Let’s review. If a paper is made up of five equivalent paragraphs, that means that each paragraph is roughly 20% of the final product. This means that 40% of it is eaten up by the introduction and conclusion, leaving only 60% for the argument itself – and most students cannot write a solid introduction or conclusion to save their life (which it is my job to help them with, but I can’t do that if they don’t have an argument to introduce or conclude.)
So, if each major paragraph is 20% of the total, and these paragraphs are meant to be 5-8 sentences long, then that means that each sentence is 4% of the total at best and 2.5% at worst. Given that in my classes, I need their papers to be 1,250 words to make the required word count for the semester, that means that the average sentence length is going to be 41 words.
Do you have any idea how long forty one words is, on the actual page? It’s of such an incredible and unwieldy length, such an inconvenient and bulky mass, that the mind simply quavers trying to stretch out a thought to fit its vast territory: point of fact, this current, ugly sentence is fully forty-one words.
This is the point of failure for American writing education: it simply produced bad writers. The reason it does this is because it treats writing as something where requirements are meant to be filled, as if lining up all of the ingredients of a cake on the counter were the same thing as baking.
Instead, what people who actually know how to write are doing is applying a series of processes to achieve a set goal. These processes might include such artistic moves as setting a scene, or narrating action, or laying out dialogue, or they may be such technical moves as conducting a literature review or buttressing an argument with quotes, or synthesizing disparate information and proposing working definitions and interpretations.

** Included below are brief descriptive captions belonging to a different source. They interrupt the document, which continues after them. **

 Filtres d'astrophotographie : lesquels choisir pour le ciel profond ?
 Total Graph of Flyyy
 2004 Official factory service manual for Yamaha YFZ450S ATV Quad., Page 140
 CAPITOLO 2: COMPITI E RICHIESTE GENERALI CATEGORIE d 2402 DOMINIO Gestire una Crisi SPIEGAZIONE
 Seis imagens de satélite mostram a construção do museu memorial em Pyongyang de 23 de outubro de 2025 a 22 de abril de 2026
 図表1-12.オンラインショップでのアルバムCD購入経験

That prior sentence, I would like to note, is forty-six words. It is more functional than the forty-one word sentence above because it is designed to achieve a goal – laying out skills that different writers might need in different situations – instead of simply building length for the sake of building length.

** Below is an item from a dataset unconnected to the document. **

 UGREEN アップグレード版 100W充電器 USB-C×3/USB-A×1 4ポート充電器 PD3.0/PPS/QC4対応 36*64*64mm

In American education, we treat writing as something that can be made into a game of quantities and numbers, because those are the only tools we have to understand what a student is doing. However, no one taught the simple paint-by-numbers system of writing that is favored in the high school English classroom has succeeded as a writer because they were taught that system. They may have succeeded, but they did so by their own simple intuition, and that’s a bad thing: when you get down to it, writing is a skill like any other.
It is perhaps more complicated than changing a tire, but the basics that your average person needs to know aren’t much more complicated than changing a tire. The fact that many people hate doing this activity is largely because they were poorly taught. Which, I would like to emphasize, is not the fault of the teachers, but the fault of the administrators and bureaucrats who decided that writing education needed to be standardized.
Now that I’ve gotten through the screed, let me tell you how to properly handle the issue, at least at root. When you are writing, you should change paragraphs not at certain preset points, but only when you need to – sometimes this will lead to a long paragraph (which slows the reader and dilates time in narrative) or a short one (which speeds up the reader in general and contracts time in narrative). The points where you need to are as follows: when the speaker changes, when the topic changes, when the setting (time and/or place, including from general to specific and vice versa) changes.
Do not follow a recipe, let the function you are fulfilling be your guide: If you do so, you will reach your goal in a relaxed and assured fashion.